Bacterial conjunctivitis causes pain only when it affects the cornea. Otherwise, it typically produces burning, a foreign-body sensation, a purulent discharge, and conjunctival injection.
If the cornea is affected, fungal conjunctivitis may cause pain and photophobia. Without corneal involvement, it produces itching, burning eyes; a thick, purulent discharge; and conjunctival injection.
Viral conjunctivitis produces itching, red eyes; a foreign-body sensation; visible conjunctival follicles; and eyelid edema.
Corneal abrasions
This type of injury typically produces a foreign-body sensation, excessive tearing, photophobia, and conjunctival injection.
Corneal erosion (recurrent)
In this disorder, severe pain occurs on waking and continues throughout the day. Accompanying the pain are conjunctival injection and photophobia.
Corneal ulcers
Both bacterial and fungal corneal ulcers cause severe eye pain. They may also cause a purulent eye discharge, sticky eyelids, photophobia, and impaired visual acuity. In addition, bacterial corneal ulcers produce a grayish white, irregularly shaped ulcer on the cornea; unilateral pupil constriction; and conjunctival injection. Fungal corneal ulcers produce conjunctival injection, eyelid edema and erythema, and a dense, cloudy, central ulcer surrounded by progressively clearer rings.
Dacryoadenitis
Temporal pain may affect both eyes in this disorder. Associated findings include exophthalmos, conjunctival injection, severe eyelid erythema and edema, and a purulent eye discharge.
Dacryocystitis
Pain and tenderness near the tear sac characterize acute dacryocystitis. Additional signs include excessive tearing, a purulent discharge, eyelid erythema, and swelling around the lacrimal punctum.
Episcleritis
Deep eye pain occurs as tissues over the sclera become inflamed. Related effects include photophobia, excessive tearing, conjunctival edema, and a red or purplish sclera.
Erythema multiforme major
This disorder commonly produces severe eye pain, entropion, trichiasis, purulent conjunctivitis, photophobia, and decreased tear formation.
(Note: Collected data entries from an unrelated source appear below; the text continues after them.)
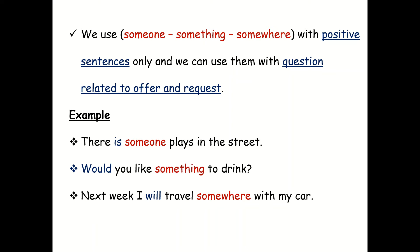We use someone, something, somewhere with positive sentences only. And we can use them with questions related to offer and request. Example: There is someone playing in the street. Would you like something to drink? Next week, I will travel somewhere with my car.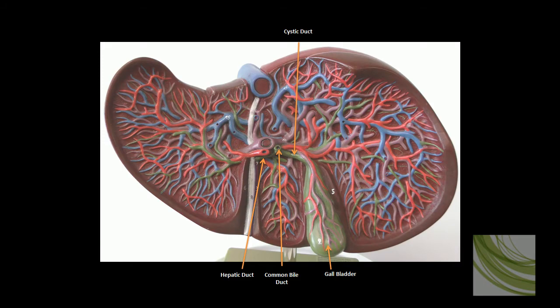The liver model. First we'll cover the bile duct system in the liver. The hepatic duct comes from a right and left hepatic duct which drains bile from the right and left functional areas of the liver.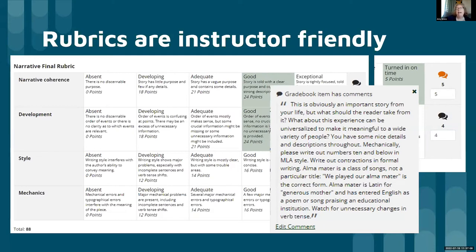It has basically the same setup, but instead of developing, adequate, and good, the things to work on are all one category here. So narrative coherence has a standard for narrative coherence written out in paragraph form.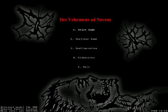Hey guys, Gamehunter here, and today we're starting something new. It's called Iter vehemens ad necem, or Ivan for short, and apparently it stands for Violent Way to Death.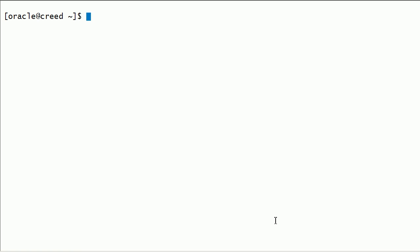Now we have completed the following scenarios: 1. We unplugged a PDB from root container on Metal Gear Server. 2. We copied the source files from Metal Gear Server to Crete Server. 3. We plugged the PDB into root container on Crete Server using file system as storage. 4. We plugged the PDB into root container on Crete Server using ASM storage.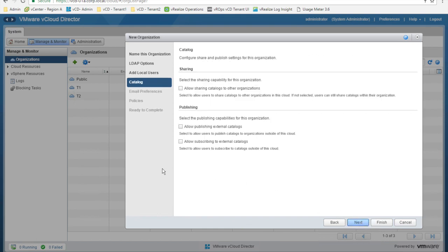Then we click next. Here we can configure the sharing and publishing settings for catalogs that can be created inside this organization. Catalogs are a collection of virtual machine templates or ISO files — everything that can be used to create and provision new workloads or to install operating systems inside virtual machines. Catalogs can be private, so only available inside the organization, or public, shared and made publicly available to all other organizations. An example of a public catalog is the service provider making virtual machine templates available to all customers hosted in the vCloud Director infrastructure.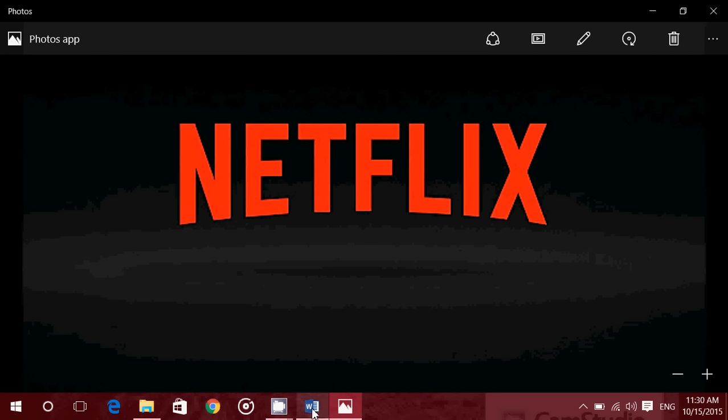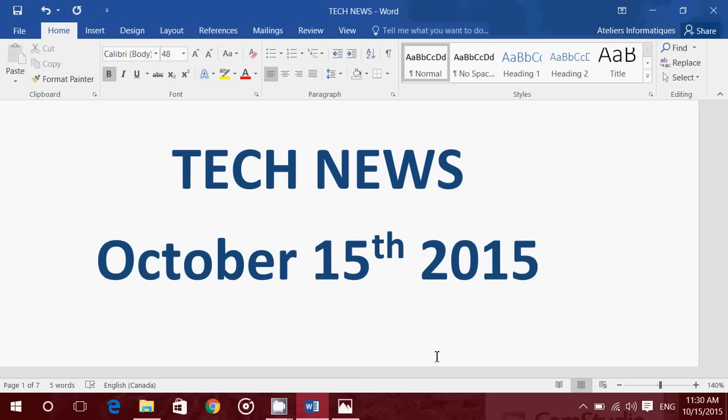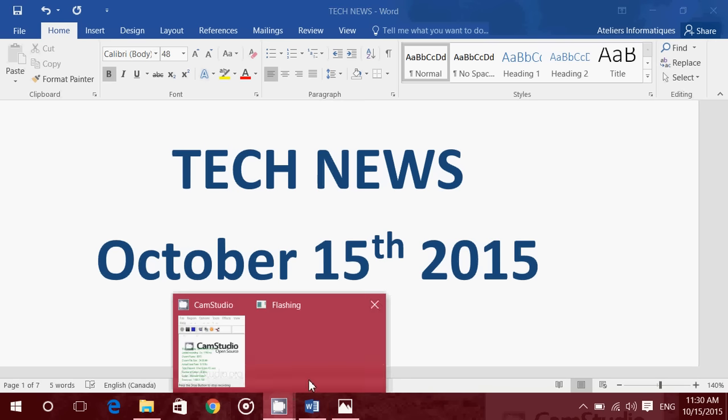So that is the tech news for Thursday, October 15, 2015. If you have any comments, questions, suggestions, why not share them with us? If you like our videos, why not subscribe? Give us a thumbs up if you like the videos. And thank you for following us on the channel.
Foreign bodies in the cornea and conjunctiva
Sudden severe pain is common in this condition, but vision usually remains intact. Other findings include excessive tearing, photophobia, miosis, a foreign-body sensation, a dark speck on the cornea, and dramatic conjunctival injection.
Glaucoma
Open-angle glaucoma may cause mild aching in the eyes as well as loss of peripheral vision, halo vision, and reduced visual acuity that isn’t corrected by glasses. Acute angle-closure glaucoma may cause severe pain and pressure over the eye, blurred vision, halo vision, decreased visual acuity, and nausea and vomiting.
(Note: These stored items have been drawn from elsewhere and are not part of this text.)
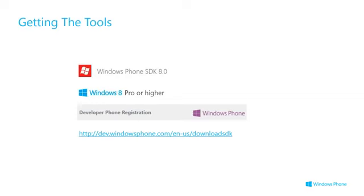You need a developer phone registration if you want to submit the application to the marketplace or unlock the device for testing. You can access all of this through visiting dev.windowsphone.com.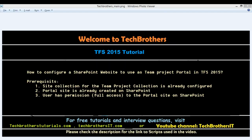Welcome to Tech Brothers. In this video we're going to learn how to configure a SharePoint website to use as a team project portal in TFS 2015. Let's discuss what needs to be done before we can complete that configuration.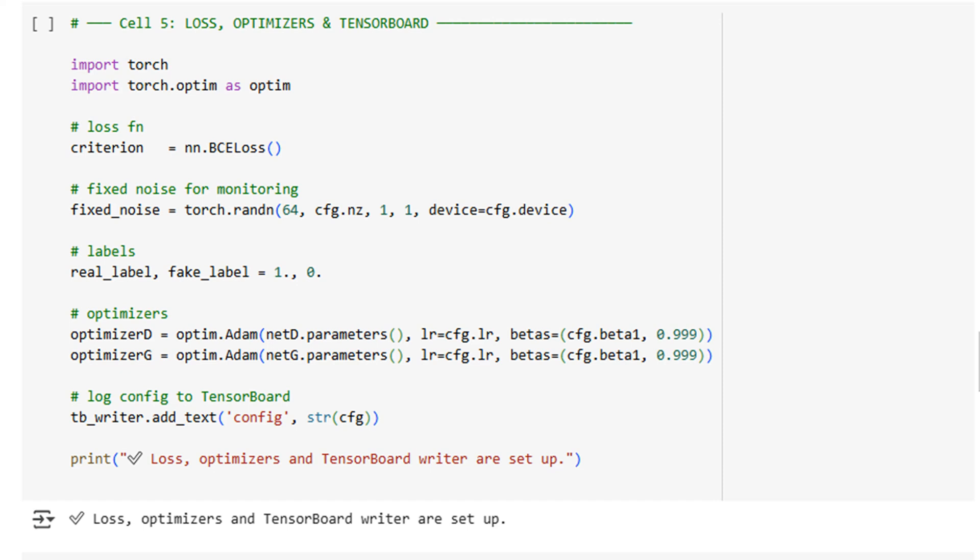Finally, we log our configuration to TensorBoard so that anyone auditing your work can see exactly which settings produced which outcomes. No mysteries, no magic.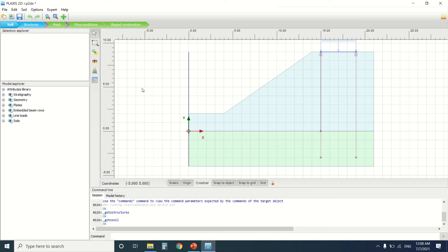Hello everyone and welcome to this new tutorial of Plaxis. Today I'm going to talk about slope stability with pile to help the stability of the soil. Before I start, if you're into civil engineering especially geotechnical engineering, subscribe to my YouTube channel — it will be a great help. I've made a previous tutorial about slope stability and I've received a lot of questions about slope stability regarding the pile.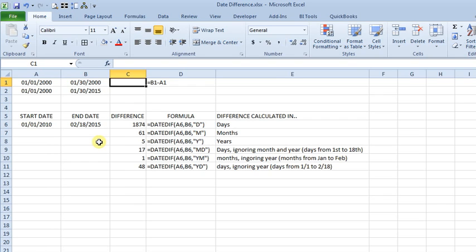Today we're talking about how to find the difference between two dates in Excel. If you just need to know the number of days between two dates, it's pretty easy.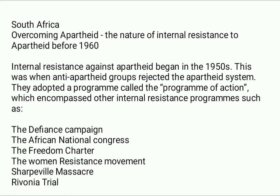Without wasting any time, beginning with South Africa overcoming apartheid — the nature of internal resistance to apartheid before 1960. Internal resistance against apartheid began in the 1950s, when anti-apartheid groups rejected the apartheid system. They adopted a program called the Program of Action, which encompassed other internal resistance programs such as the Defiance Campaign, the African National Congress, the Freedom Charter, the women's resistance movement, the Sharpeville massacre, and the Rivonia Trial.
Herpes zoster ophthalmicus
Eye pain occurs with severe unilateral facial pain, usually several days before vesicles erupt. Other signs include red, swollen eyelids; excessive tearing; a serous eye discharge; conjunctival injection; and a white, cloudy cornea.
Hordeolum (stye)
This lesion usually produces localized eye pain that increases as the stye grows. Eyelid erythema and edema are also common.
Hyphema
Occurring after eye injury or surgery, hyphema accompanies sudden pain in and around the eye. Orbital and eyelid edema, conjunctival injection, and visual impairment may also occur.
Interstitial keratitis
Associated with congenital syphilis, this corneal inflammation produces eye pain with photophobia, blurred vision, prominent conjunctival injection, and grayish pink corneas.
Iritis (acute)
Moderate to severe eye pain occurs with severe photophobia, dramatic conjunctival injection, and blurred vision. The constricted pupil may respond poorly to light.
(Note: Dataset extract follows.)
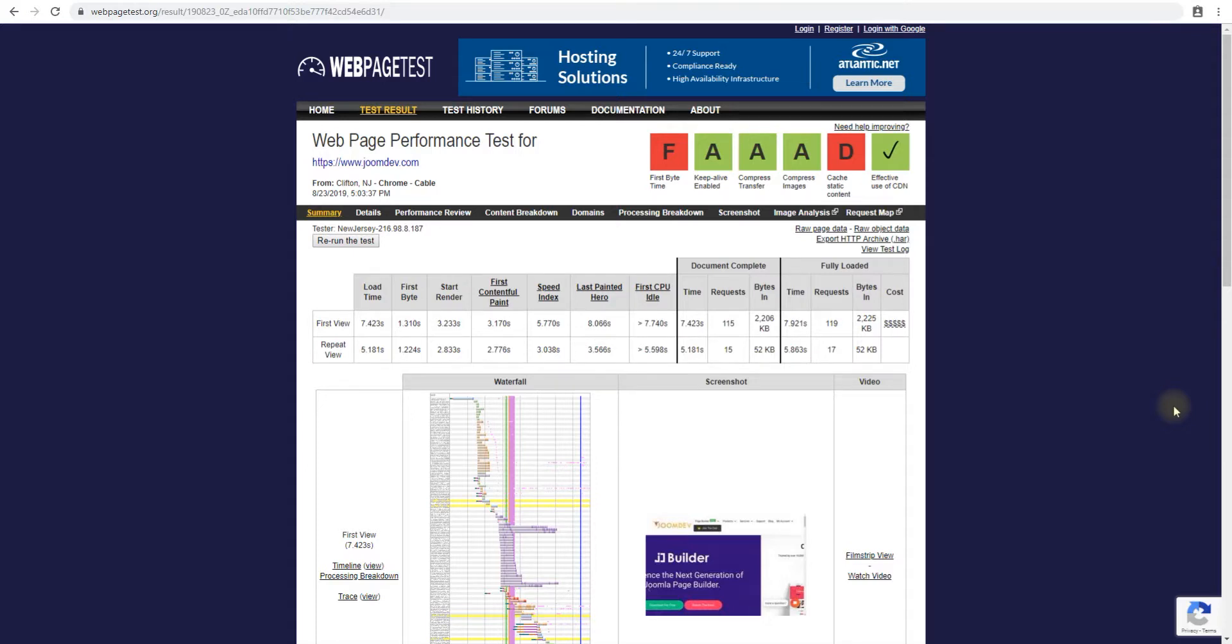Hello and welcome to our video. My name is Chetan and you're watching the JoomDev YouTube channel. In this video we'll talk about the what's of the web page test.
Keratoconjunctivitis sicca
This condition—known as dry eye syndrome—causes chronic burning pain in both eyes, itching, a foreign-body sensation, photophobia, dramatic conjunctival injection, and difficulty moving the eyelids. A copious mucoid discharge and inadequate tearing are typical.
Lacrimal gland tumor
This neoplastic lesion usually produces unilateral eye pain, impaired visual acuity, and some degree of exophthalmos.
Migraine headache
Migraines can produce head pain so severe that the eyes also ache. Nausea, vomiting, blurred vision, and light and noise sensitivity may also occur.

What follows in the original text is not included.